Return only that part of the material below which starts with the line containing "Kraalbaai, South Africa" and goes on through the line containing "1-25th scale semi", restated exactly.

## Supplied records:
==============================
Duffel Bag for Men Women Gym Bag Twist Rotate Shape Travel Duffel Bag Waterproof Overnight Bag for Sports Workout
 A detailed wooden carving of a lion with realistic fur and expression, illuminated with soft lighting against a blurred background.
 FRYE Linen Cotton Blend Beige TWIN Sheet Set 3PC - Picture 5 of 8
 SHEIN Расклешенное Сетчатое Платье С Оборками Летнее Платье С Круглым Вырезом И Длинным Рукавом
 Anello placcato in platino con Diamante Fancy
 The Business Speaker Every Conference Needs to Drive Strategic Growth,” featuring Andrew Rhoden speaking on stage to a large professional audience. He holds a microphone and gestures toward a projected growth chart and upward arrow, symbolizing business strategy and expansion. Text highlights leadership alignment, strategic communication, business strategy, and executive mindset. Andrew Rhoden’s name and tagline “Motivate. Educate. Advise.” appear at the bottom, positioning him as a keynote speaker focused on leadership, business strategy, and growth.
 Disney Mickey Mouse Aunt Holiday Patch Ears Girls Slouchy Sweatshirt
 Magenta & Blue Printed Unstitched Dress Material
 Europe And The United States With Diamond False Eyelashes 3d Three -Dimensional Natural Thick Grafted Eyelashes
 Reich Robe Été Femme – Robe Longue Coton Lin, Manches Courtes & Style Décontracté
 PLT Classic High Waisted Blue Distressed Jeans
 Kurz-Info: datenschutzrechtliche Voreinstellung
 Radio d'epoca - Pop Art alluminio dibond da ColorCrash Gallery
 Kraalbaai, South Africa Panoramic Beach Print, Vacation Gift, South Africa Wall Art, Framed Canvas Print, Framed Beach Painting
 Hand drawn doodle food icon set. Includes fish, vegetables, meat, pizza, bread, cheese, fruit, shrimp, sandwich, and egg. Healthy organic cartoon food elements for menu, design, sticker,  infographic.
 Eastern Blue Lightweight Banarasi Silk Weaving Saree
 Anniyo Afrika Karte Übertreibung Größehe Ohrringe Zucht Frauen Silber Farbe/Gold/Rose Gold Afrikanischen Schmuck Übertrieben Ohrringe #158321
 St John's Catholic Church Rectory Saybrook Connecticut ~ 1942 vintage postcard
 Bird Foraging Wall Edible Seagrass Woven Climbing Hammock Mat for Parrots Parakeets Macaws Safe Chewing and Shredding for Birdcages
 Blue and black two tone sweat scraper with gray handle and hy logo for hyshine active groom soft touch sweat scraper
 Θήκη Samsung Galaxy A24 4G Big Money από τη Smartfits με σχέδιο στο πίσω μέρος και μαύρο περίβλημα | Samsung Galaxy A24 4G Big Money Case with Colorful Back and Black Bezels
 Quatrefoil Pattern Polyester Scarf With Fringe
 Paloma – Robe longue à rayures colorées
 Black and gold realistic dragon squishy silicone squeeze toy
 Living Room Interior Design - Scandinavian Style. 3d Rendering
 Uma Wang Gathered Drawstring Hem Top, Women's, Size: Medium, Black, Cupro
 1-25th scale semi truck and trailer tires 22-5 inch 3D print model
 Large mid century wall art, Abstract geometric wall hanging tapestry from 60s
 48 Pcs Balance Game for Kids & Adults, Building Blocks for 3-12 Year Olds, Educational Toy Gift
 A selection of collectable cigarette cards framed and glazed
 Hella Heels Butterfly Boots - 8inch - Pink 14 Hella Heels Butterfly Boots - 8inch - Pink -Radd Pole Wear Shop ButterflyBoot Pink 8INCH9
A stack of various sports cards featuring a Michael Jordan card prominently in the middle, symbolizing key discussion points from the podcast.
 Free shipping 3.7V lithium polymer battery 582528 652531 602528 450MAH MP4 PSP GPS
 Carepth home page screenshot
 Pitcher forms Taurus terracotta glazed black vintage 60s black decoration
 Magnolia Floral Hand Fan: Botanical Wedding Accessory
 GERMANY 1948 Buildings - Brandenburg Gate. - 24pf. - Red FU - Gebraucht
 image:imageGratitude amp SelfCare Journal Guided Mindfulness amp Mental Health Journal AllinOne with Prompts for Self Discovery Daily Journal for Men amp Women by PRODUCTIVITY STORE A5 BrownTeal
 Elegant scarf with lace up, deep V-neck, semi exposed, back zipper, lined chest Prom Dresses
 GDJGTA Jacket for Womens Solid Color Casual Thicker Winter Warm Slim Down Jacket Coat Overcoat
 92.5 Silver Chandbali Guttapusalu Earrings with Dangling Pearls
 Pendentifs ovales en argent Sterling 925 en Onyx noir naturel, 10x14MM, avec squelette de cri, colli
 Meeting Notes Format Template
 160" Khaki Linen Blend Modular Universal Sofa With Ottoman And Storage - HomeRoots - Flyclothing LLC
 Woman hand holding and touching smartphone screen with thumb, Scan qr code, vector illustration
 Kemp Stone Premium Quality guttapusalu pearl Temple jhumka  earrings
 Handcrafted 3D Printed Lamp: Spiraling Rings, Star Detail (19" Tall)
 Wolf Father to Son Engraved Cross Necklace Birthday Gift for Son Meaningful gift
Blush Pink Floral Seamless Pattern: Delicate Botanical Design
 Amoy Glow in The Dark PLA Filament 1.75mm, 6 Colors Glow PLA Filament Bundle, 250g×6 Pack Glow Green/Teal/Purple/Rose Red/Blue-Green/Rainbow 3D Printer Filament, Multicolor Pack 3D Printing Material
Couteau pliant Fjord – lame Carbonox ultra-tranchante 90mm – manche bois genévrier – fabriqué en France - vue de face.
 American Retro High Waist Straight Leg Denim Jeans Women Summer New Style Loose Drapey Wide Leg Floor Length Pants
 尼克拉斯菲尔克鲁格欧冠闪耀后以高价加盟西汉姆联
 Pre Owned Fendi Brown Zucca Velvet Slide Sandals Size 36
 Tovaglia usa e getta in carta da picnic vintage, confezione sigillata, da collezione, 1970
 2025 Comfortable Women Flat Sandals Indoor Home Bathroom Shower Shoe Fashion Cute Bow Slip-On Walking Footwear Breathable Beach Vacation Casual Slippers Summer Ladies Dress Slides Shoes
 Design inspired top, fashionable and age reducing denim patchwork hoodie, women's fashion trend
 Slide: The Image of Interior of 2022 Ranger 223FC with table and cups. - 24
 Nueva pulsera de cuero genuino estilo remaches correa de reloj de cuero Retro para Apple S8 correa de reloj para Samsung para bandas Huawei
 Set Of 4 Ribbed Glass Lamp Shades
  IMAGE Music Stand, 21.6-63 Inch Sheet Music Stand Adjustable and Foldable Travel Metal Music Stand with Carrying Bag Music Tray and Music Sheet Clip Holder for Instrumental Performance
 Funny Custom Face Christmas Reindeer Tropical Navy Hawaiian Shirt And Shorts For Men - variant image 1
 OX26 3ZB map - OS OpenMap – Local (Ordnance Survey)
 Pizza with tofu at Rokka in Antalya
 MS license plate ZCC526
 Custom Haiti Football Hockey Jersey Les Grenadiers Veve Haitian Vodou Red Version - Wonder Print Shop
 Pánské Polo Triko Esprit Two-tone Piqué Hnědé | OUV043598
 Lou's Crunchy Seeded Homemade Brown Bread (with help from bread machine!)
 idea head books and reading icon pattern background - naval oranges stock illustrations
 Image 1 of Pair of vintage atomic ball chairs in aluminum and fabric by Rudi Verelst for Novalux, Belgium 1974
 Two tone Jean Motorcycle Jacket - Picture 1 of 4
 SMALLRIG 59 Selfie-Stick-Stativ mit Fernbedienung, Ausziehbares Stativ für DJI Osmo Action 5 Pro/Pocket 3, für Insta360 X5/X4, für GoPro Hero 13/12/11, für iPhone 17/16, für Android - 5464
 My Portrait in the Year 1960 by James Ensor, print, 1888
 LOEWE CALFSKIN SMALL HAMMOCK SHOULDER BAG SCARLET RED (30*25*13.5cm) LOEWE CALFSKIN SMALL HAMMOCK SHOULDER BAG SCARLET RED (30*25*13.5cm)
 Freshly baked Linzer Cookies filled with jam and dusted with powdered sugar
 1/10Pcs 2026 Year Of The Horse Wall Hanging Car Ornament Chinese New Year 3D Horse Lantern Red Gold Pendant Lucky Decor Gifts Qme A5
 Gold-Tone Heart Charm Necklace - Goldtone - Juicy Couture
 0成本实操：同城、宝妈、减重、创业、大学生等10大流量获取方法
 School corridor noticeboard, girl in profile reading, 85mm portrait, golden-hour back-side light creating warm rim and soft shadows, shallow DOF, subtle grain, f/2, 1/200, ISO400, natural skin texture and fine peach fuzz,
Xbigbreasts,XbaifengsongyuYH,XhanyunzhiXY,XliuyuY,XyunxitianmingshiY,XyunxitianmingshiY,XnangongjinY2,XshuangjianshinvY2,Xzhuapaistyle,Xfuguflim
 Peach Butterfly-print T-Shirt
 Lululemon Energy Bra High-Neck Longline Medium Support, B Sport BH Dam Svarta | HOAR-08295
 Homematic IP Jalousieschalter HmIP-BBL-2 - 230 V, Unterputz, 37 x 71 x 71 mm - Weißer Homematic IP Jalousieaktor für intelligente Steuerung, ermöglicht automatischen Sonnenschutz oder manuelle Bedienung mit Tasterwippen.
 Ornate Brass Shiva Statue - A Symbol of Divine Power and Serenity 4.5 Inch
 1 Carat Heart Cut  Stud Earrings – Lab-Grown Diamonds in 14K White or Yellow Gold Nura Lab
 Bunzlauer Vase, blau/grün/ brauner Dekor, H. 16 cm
==============================
## Solution to the exercise:
 Kraalbaai, South Africa Panoramic Beach Print, Vacation Gift, South Africa Wall Art, Framed Canvas Print, Framed Beach Painting
 Hand drawn doodle food icon set. Includes fish, vegetables, meat, pizza, bread, cheese, fruit, shrimp, sandwich, and egg. Healthy organic cartoon food elements for menu, design, sticker,  infographic.
 Eastern Blue Lightweight Banarasi Silk Weaving Saree
 Anniyo Afrika Karte Übertreibung Größehe Ohrringe Zucht Frauen Silber Farbe/Gold/Rose Gold Afrikanischen Schmuck Übertrieben Ohrringe #158321
 St John's Catholic Church Rectory Saybrook Connecticut ~ 1942 vintage postcard
 Bird Foraging Wall Edible Seagrass Woven Climbing Hammock Mat for Parrots Parakeets Macaws Safe Chewing and Shredding for Birdcages
 Blue and black two tone sweat scraper with gray handle and hy logo for hyshine active groom soft touch sweat scraper
 Θήκη Samsung Galaxy A24 4G Big Money από τη Smartfits με σχέδιο στο πίσω μέρος και μαύρο περίβλημα | Samsung Galaxy A24 4G Big Money Case with Colorful Back and Black Bezels
 Quatrefoil Pattern Polyester Scarf With Fringe
 Paloma – Robe longue à rayures colorées
 Black and gold realistic dragon squishy silicone squeeze toy
 Living Room Interior Design - Scandinavian Style. 3d Rendering
 Uma Wang Gathered Drawstring Hem Top, Women's, Size: Medium, Black, Cupro
 1-25th scale semi truck and trailer tires 22-5 inch 3D print model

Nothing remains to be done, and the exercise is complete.